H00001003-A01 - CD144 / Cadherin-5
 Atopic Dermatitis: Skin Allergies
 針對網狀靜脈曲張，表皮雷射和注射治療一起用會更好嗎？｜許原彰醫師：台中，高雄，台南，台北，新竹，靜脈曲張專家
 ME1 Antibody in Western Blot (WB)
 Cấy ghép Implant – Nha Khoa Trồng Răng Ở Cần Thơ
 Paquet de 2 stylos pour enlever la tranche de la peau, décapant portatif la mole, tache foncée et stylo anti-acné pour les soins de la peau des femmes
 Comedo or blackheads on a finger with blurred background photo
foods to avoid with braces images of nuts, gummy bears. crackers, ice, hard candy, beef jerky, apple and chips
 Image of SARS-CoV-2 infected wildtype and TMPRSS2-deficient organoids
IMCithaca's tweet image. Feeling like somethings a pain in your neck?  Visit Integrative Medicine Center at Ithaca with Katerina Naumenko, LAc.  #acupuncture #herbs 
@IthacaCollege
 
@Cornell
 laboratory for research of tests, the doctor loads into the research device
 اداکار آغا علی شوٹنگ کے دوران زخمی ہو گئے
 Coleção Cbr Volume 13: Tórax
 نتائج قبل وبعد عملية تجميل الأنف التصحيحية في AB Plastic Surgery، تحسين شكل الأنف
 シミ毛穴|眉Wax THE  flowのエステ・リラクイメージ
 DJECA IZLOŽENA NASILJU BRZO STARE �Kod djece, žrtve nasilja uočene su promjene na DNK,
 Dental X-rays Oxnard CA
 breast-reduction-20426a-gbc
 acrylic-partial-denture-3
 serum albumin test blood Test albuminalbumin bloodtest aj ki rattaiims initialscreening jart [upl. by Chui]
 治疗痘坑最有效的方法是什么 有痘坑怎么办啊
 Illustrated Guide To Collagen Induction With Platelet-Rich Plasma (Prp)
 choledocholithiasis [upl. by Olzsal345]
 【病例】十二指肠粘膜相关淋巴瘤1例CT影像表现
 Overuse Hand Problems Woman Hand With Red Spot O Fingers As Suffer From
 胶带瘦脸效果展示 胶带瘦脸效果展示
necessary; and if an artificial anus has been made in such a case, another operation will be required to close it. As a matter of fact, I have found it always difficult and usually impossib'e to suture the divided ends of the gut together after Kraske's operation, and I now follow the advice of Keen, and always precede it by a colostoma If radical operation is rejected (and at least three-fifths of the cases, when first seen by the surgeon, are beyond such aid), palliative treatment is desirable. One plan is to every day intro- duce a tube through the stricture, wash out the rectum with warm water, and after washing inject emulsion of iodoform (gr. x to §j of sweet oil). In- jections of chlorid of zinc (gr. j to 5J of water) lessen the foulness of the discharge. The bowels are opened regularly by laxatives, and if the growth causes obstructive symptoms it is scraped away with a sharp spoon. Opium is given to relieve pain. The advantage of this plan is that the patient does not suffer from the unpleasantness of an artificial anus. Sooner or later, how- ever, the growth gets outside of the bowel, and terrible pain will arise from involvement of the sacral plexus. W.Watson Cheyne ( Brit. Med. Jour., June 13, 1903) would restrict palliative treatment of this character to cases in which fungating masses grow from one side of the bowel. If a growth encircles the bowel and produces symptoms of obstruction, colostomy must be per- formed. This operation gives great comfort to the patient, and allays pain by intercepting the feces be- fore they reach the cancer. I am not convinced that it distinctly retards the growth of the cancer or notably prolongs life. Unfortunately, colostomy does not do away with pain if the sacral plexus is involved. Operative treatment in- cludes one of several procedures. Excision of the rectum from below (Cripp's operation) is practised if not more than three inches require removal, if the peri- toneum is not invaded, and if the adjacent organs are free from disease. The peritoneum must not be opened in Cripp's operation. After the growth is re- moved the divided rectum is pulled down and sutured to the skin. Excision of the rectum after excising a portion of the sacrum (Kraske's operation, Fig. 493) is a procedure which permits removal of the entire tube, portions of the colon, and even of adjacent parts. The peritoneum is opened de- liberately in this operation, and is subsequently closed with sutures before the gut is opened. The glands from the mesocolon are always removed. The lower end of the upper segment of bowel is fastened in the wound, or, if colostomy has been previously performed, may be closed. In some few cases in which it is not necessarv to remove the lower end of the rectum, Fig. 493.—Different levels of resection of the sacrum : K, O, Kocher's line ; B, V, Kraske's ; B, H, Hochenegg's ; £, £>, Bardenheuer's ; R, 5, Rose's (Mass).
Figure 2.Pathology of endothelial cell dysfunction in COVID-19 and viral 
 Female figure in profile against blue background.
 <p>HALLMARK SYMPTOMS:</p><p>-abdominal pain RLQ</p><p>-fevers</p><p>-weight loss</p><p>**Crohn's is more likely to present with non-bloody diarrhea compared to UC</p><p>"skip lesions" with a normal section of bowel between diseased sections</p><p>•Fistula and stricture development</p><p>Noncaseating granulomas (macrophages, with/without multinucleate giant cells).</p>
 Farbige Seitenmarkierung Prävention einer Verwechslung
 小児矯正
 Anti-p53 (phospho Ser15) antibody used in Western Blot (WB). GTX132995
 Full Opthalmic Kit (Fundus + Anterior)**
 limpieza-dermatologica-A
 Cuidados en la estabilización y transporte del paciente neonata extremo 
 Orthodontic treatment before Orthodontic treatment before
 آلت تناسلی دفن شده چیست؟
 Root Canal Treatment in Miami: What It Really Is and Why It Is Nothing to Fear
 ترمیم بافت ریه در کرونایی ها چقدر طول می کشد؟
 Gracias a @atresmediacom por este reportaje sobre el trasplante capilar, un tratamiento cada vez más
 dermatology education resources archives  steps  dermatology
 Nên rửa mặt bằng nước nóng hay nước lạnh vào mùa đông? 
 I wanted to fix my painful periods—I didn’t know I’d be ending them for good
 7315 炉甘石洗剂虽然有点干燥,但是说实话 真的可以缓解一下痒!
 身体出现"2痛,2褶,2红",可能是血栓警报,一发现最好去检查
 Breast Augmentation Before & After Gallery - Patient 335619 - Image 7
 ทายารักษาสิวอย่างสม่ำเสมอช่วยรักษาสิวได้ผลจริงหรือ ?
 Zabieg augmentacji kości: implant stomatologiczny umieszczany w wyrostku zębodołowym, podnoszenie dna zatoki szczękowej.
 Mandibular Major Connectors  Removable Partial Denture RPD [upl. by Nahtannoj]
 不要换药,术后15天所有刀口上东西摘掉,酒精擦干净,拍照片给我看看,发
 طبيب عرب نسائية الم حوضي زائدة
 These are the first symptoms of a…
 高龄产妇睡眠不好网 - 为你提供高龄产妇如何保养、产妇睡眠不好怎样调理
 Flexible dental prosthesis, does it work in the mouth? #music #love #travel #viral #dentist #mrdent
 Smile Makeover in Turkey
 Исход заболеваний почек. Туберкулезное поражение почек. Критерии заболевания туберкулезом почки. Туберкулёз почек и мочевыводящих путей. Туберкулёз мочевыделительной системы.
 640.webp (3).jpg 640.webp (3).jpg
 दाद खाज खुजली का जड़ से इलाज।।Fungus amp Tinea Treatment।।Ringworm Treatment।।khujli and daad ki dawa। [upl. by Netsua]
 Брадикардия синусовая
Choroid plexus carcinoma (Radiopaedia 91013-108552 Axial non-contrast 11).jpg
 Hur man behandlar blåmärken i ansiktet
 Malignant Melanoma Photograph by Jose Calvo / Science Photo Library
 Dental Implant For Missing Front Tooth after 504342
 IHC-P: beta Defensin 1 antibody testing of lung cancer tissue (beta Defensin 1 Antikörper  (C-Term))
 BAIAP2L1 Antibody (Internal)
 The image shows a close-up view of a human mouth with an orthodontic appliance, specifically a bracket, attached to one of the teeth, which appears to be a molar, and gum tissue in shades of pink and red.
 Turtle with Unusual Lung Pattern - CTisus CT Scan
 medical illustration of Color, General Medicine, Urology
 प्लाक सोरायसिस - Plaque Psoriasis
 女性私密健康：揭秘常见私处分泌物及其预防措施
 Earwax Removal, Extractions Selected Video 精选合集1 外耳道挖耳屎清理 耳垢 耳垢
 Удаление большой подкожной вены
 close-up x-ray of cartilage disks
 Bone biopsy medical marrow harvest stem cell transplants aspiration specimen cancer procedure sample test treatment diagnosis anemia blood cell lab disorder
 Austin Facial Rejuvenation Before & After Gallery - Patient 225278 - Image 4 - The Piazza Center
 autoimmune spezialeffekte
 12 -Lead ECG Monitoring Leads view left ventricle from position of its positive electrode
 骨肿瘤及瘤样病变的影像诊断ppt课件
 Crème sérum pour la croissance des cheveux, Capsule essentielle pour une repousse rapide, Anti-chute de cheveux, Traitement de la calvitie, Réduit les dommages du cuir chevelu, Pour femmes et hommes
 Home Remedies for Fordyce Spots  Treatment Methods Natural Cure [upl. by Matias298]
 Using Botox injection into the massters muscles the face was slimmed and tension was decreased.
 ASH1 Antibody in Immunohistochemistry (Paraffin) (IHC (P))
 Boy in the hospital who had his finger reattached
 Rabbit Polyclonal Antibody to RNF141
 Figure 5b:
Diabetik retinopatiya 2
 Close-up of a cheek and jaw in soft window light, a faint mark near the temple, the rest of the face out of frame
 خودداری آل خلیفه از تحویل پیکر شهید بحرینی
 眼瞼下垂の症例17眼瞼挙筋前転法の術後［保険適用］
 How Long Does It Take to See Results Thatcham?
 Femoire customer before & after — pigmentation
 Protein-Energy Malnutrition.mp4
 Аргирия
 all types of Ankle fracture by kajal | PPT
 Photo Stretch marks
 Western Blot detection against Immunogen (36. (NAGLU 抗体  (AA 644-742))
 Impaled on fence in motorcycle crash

● Exercise brief
Which of the lines above carry the string "mouth"? Copy every one.

● Expected answer
 Flexible dental prosthesis, does it work in the mouth? #music #love #travel #viral #dentist #mrdent
 The image shows a close-up view of a human mouth with an orthodontic appliance, specifically a bracket, attached to one of the teeth, which appears to be a molar, and gum tissue in shades of pink and red.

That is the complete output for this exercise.